RAW DATA: Begin

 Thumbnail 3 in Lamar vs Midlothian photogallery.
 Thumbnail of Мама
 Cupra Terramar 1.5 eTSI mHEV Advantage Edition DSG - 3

RAW DATA: End

**TASK DIRECTIONS:** Repeat the material word for word, leaving out no line.

**TASK RESPONSE:**
 Thumbnail 3 in Lamar vs Midlothian photogallery.
 Thumbnail of Мама
 Cupra Terramar 1.5 eTSI mHEV Advantage Edition DSG - 3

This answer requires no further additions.